Women in entrepreneurship
Even in 2021, women are still underrepresented in many traditionally male-dominated fields, entrepreneurship being one such field. Policy-makers, scholars, and the press alike have developed different solutions, ranging from legal ones like affirmative action or gender-blind recruitment and selection processes. One solution that has been put forward is to encourage women who have “made it” to support other women through networking, mentoring, sponsorship, and even financial support. While same-gender support in other fields has been shown to have certain psychological benefits, we need to better understand its effects on audience perceptions, especially in a domain like entrepreneurship where perceptions play a significant role.
Recent research has examined whether the presence of female investors increases the likelihood that female founders receive funding. This may be because women and men alike tend to support their own gender, or because women are actively aiming to boost other professional women. This gender homophily has been linked to strong trust and better communication in past research. Despite these potential benefits, there could also be unexpected consequences for the female entrepreneurs who receive help from female investors. Why? Other observers might make biased inferences about the relationship, for example assuming that the female investors offered funding to the female entrepreneurs simply because of their gender and not they deserve it- a perception not applied to male investors funding male entrepreneurs. This can take a toll on how the female entrepreneurs’ competence is perceived, potentially resulting in difficulty accessing resources or lower performance reviews. Dr. Solal and Dr. Snellman explored this question using experimental and field data.
What happens when female investors support female entrepreneurs?

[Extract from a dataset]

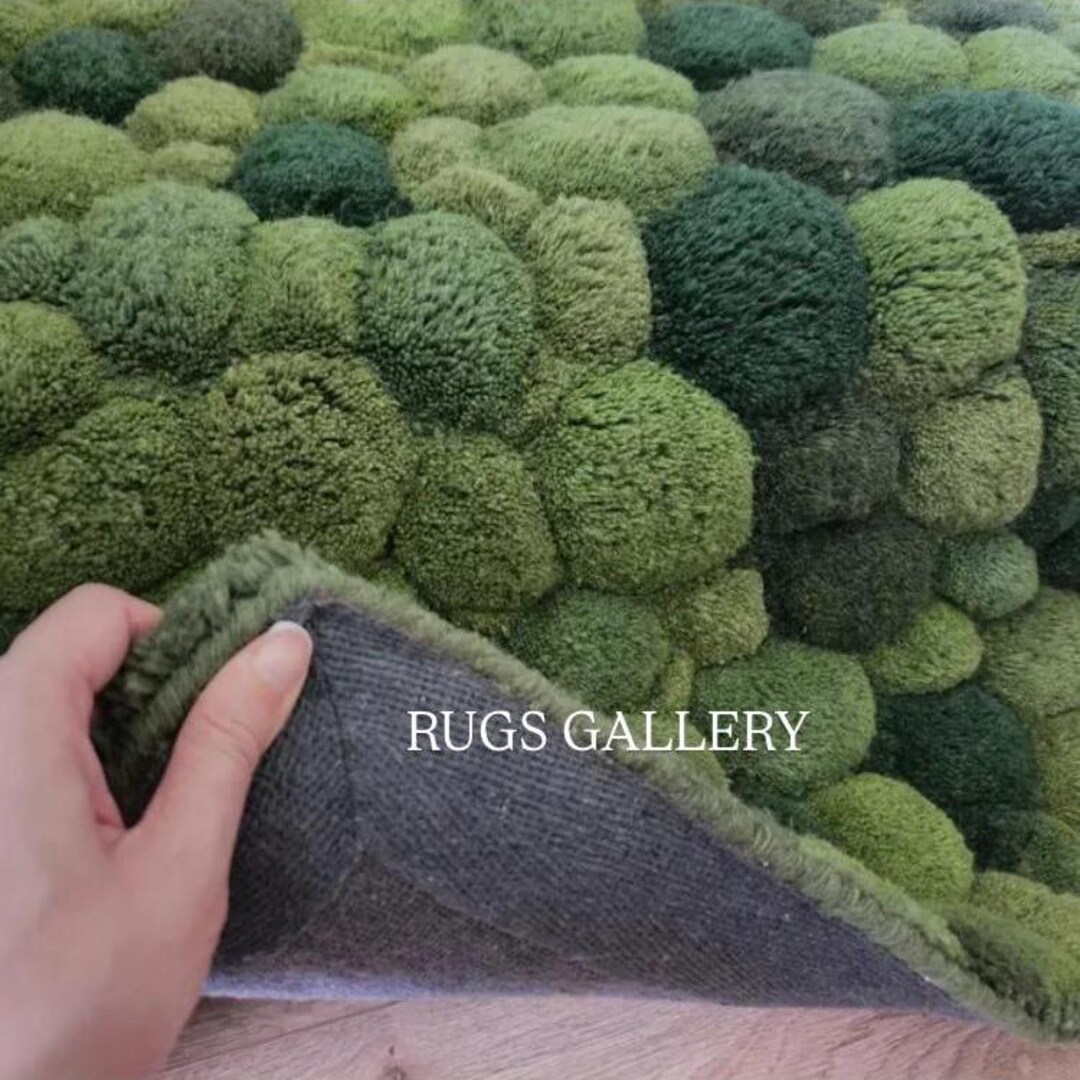 3D Hand Tufted Wool Rug Green Textured Pebble Design | Luxury Modern ...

In the first part of the study, the researchers studied field data from early-stage startups in the United States. Since young startups need a significant amount of capital, they will seek out investments from venture capitalists who then take a minority stake in the business. This type of funding is done in rounds, depending on the firm’s development stage and funds required, and so venture capitalists will not provide startups with all necessary capital in the first round due to the high failure rate of new business ventures. Using data from Crunchbase, which has a wealth of information gathered from various sources including the media, VC firms, entrepreneurs, and investors, they examined firms that received a first round of VC funding between January 2010 and April 2018, for a total of 290 female-founded firms out of a sample of 2136.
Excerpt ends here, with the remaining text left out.